» What is expected:
Copy out precisely the lines of the material that follows, beginning with the line containing "Hella koplampen voor" and ending with its last line; exclude pictures.

___ Source material ___

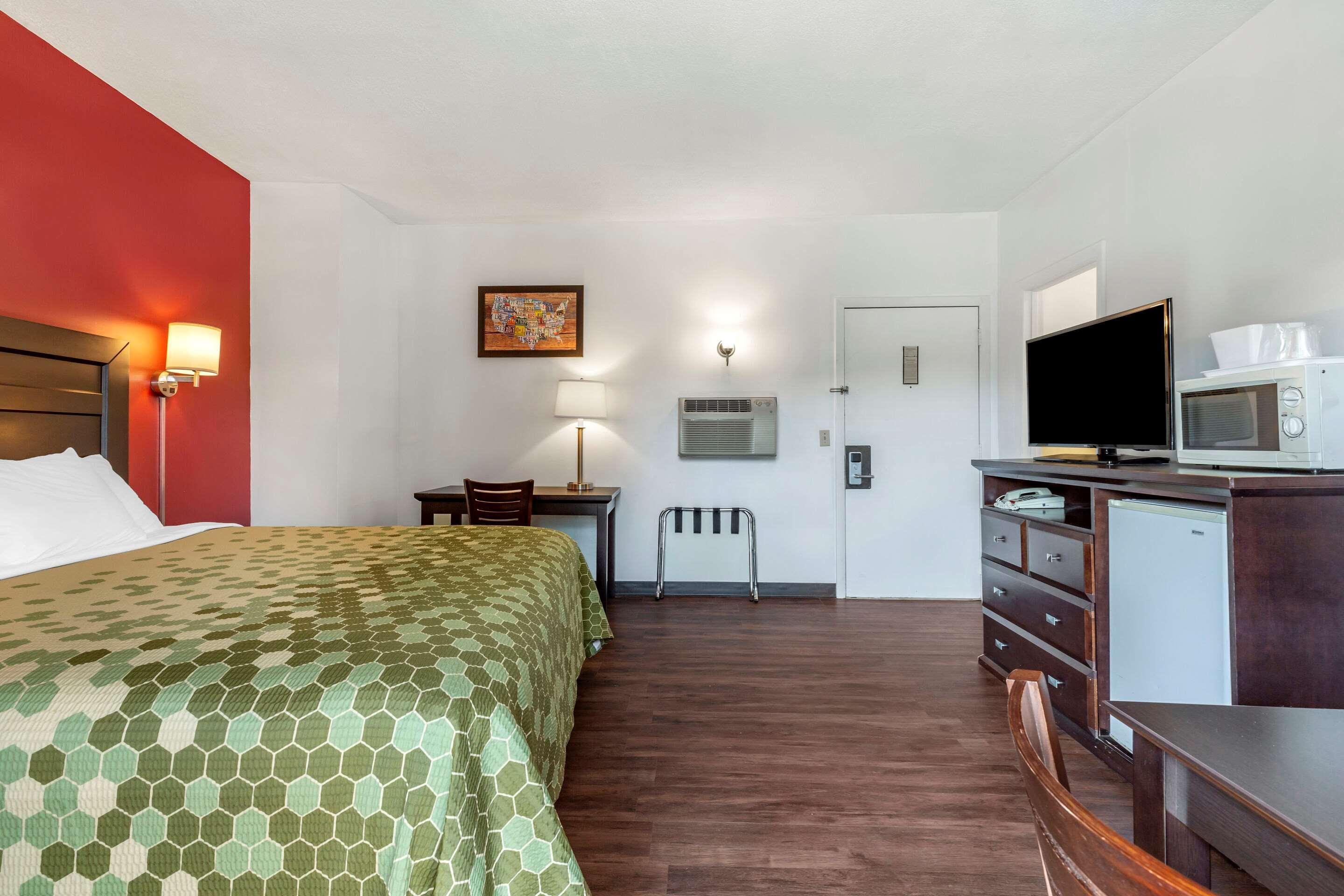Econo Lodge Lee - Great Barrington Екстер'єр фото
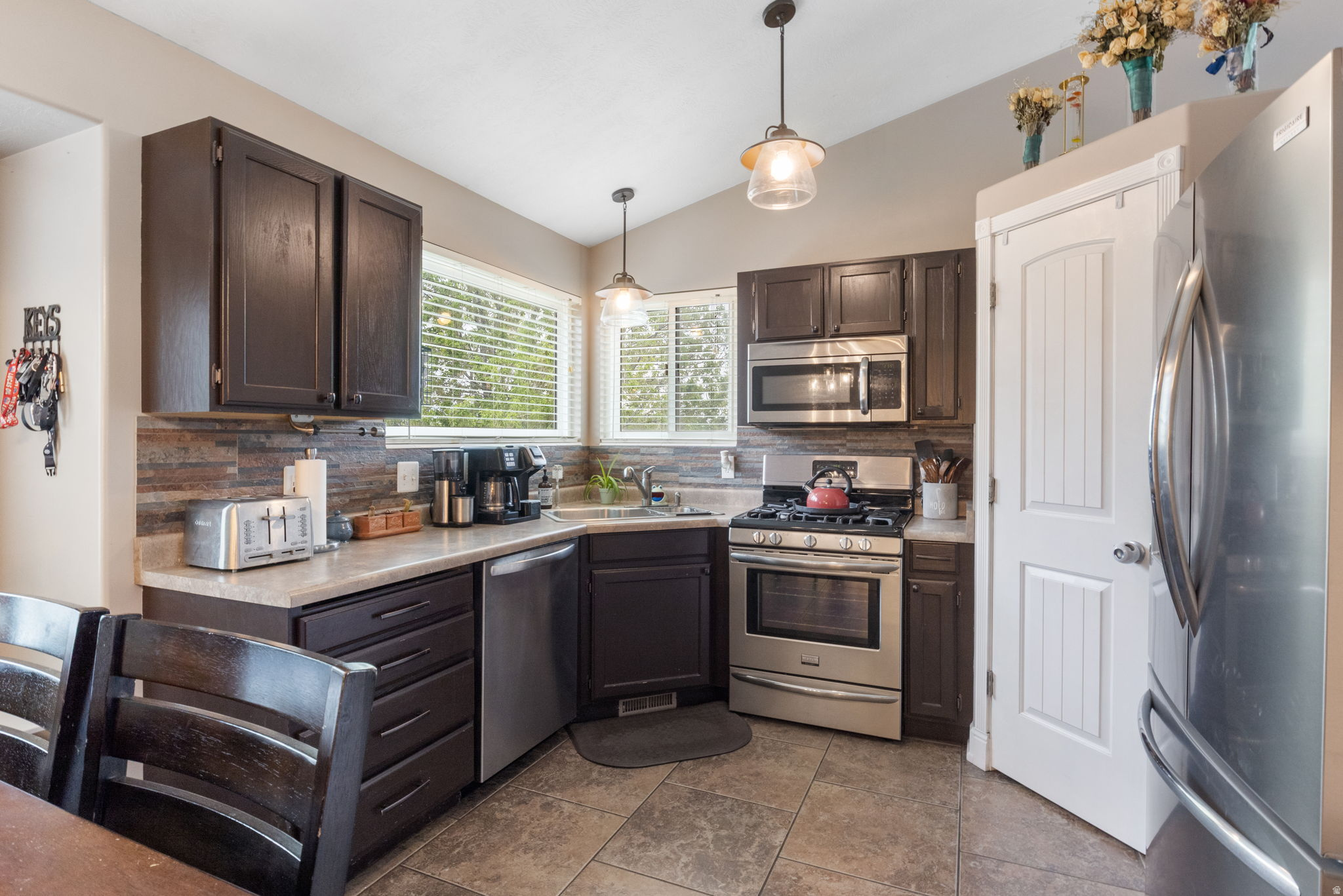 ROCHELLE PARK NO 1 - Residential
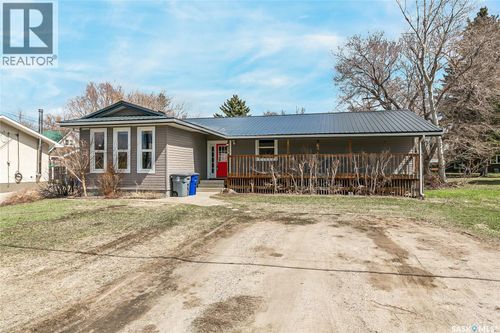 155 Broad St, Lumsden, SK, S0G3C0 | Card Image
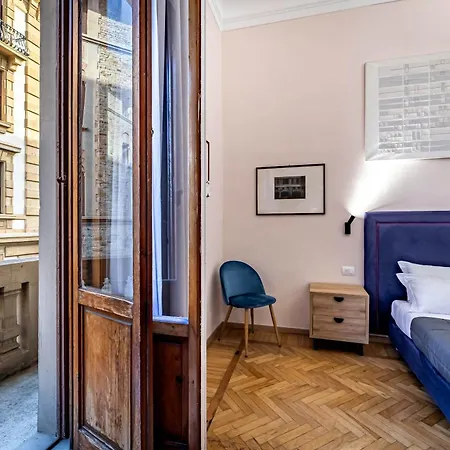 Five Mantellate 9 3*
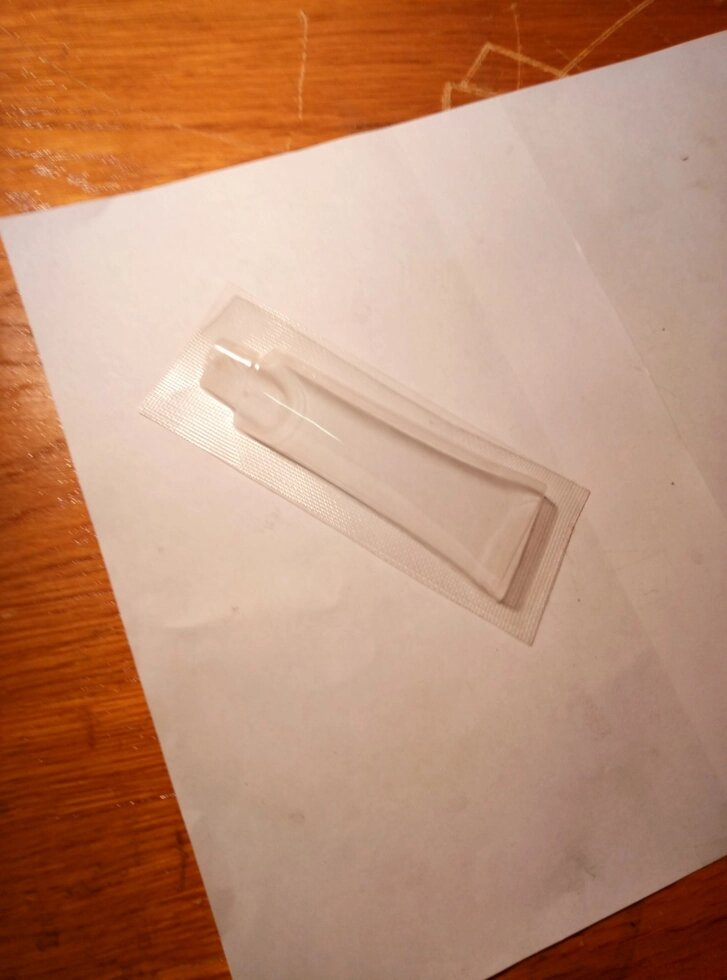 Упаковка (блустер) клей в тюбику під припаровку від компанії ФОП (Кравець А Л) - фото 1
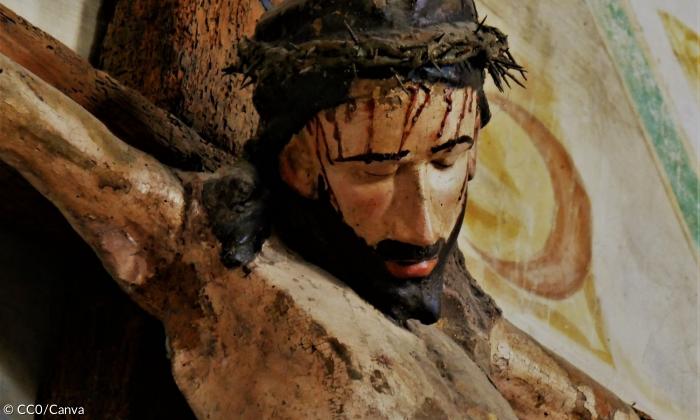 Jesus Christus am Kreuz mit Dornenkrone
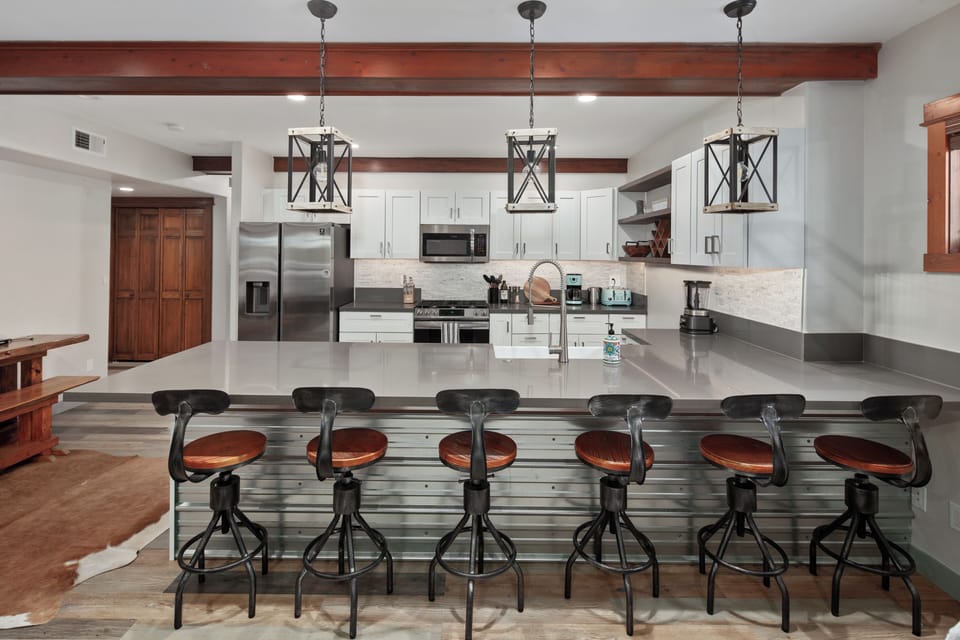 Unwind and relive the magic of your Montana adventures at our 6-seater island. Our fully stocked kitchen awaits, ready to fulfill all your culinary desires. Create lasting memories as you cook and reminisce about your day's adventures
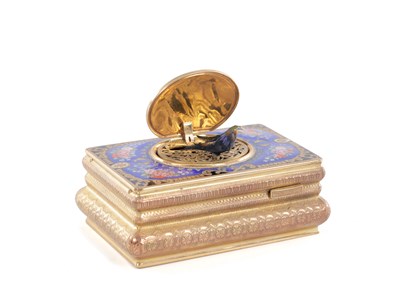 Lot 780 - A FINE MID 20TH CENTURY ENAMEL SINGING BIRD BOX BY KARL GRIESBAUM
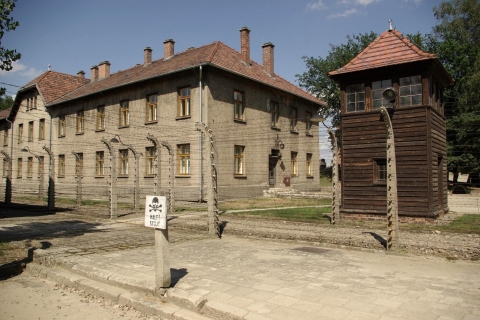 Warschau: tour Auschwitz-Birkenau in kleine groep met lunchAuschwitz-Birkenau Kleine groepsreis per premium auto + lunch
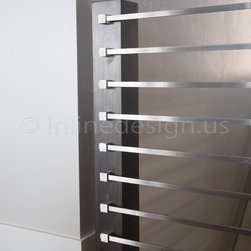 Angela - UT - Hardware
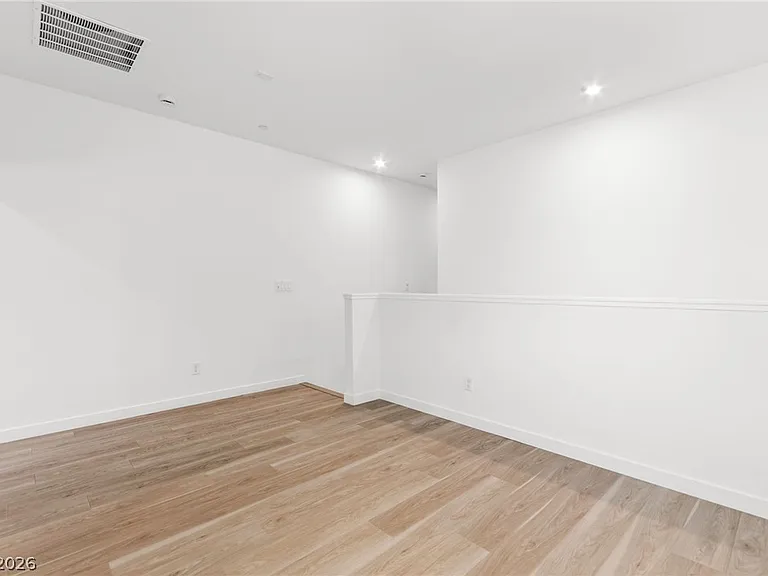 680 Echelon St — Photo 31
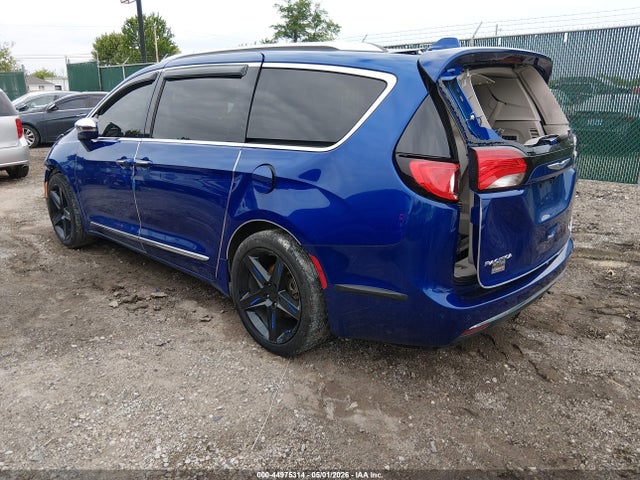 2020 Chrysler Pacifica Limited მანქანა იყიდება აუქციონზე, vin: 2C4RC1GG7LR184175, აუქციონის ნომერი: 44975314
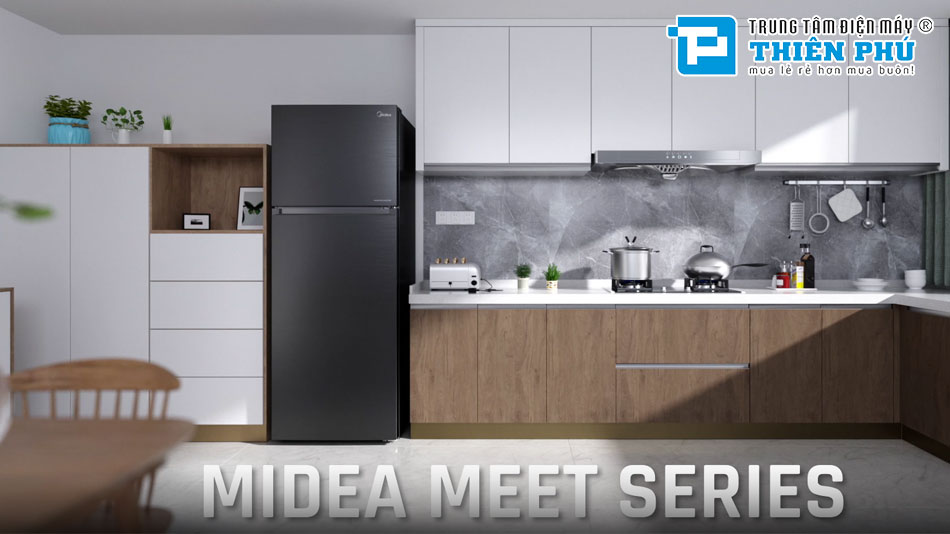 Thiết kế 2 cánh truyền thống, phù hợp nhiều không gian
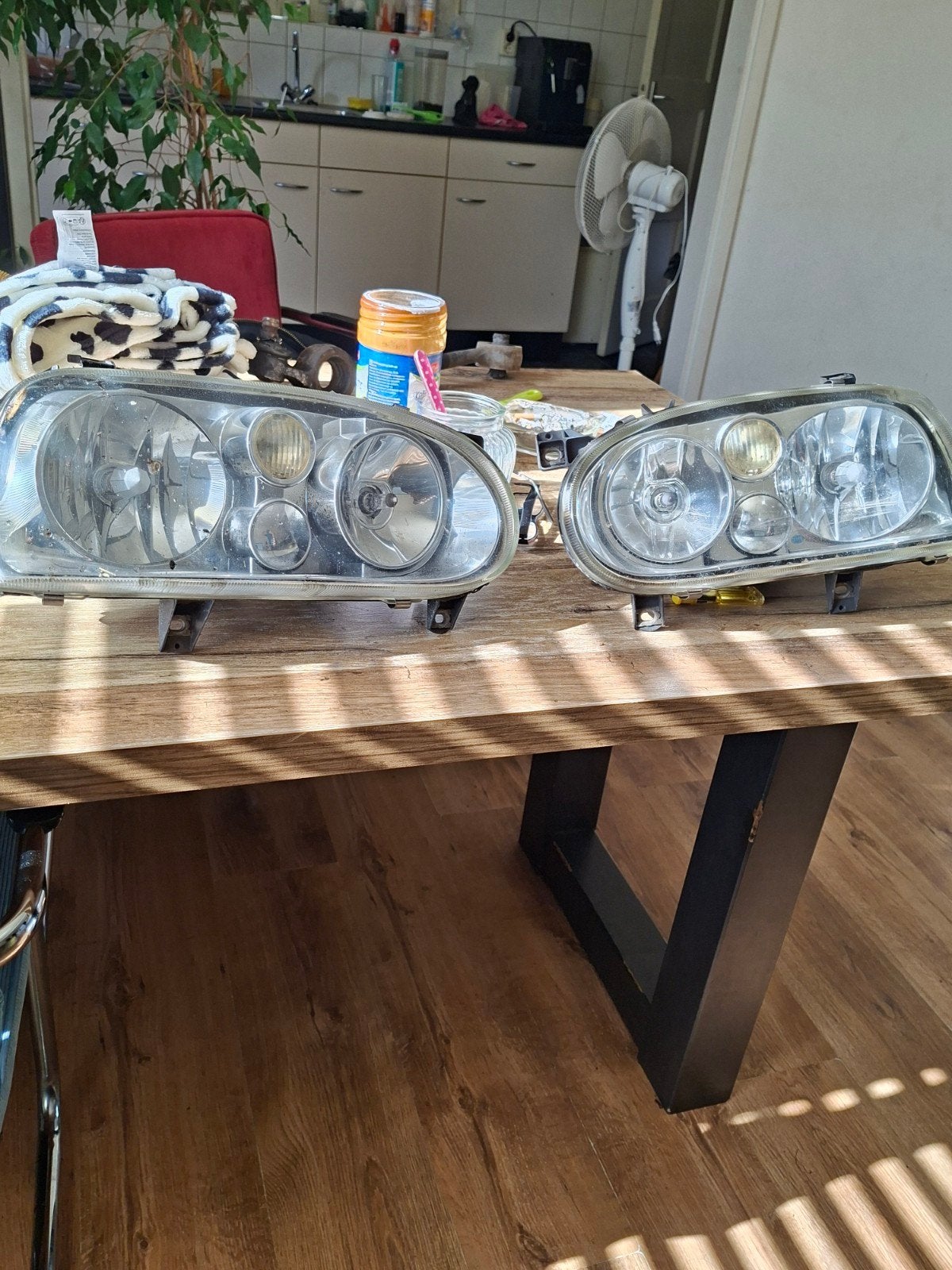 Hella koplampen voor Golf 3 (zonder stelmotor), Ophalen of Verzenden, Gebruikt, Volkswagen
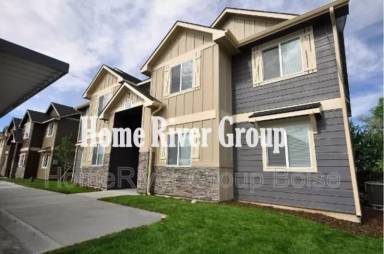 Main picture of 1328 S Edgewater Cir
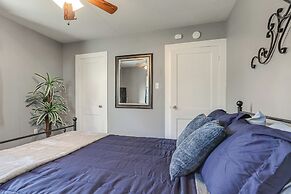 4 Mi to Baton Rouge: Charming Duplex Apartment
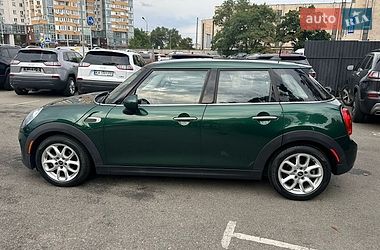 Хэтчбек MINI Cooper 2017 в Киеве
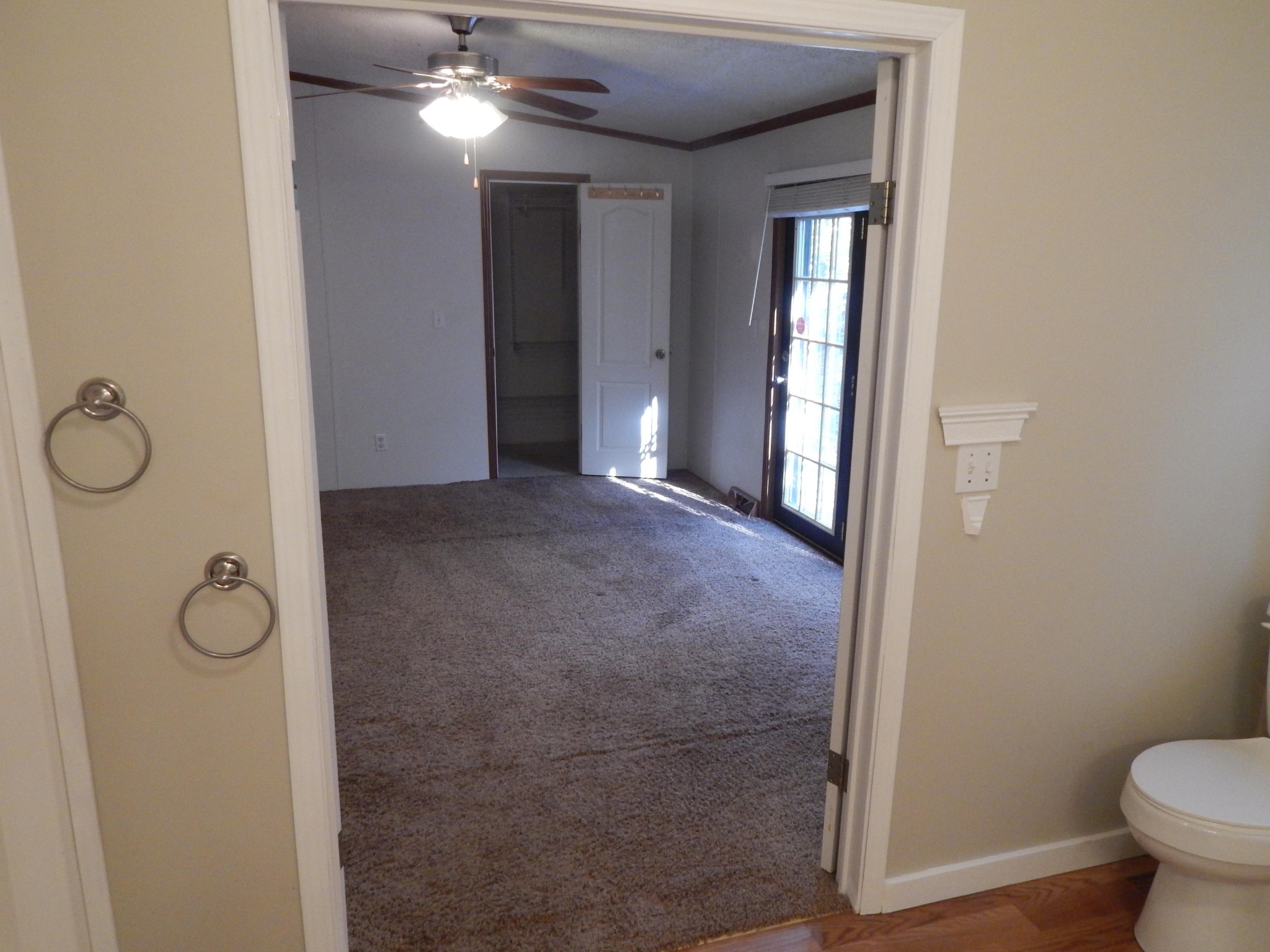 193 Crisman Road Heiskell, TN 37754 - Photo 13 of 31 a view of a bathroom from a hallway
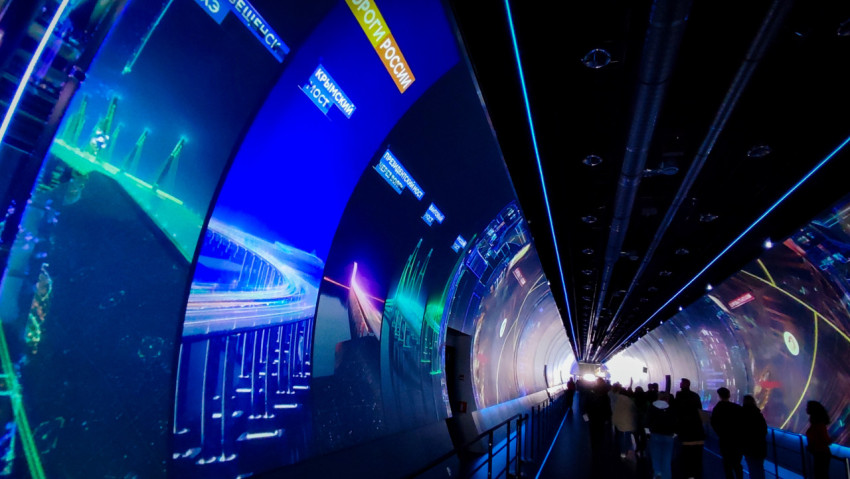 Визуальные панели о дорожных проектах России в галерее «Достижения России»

___

» Solution to this task:
 Hella koplampen voor Golf 3 (zonder stelmotor), Ophalen of Verzenden, Gebruikt, Volkswagen
 Main picture of 1328 S Edgewater Cir
 4 Mi to Baton Rouge: Charming Duplex Apartment
 Хэтчбек MINI Cooper 2017 в Киеве
 193 Crisman Road Heiskell, TN 37754 - Photo 13 of 31 a view of a bathroom from a hallway
 Визуальные панели о дорожных проектах России в галерее «Достижения России»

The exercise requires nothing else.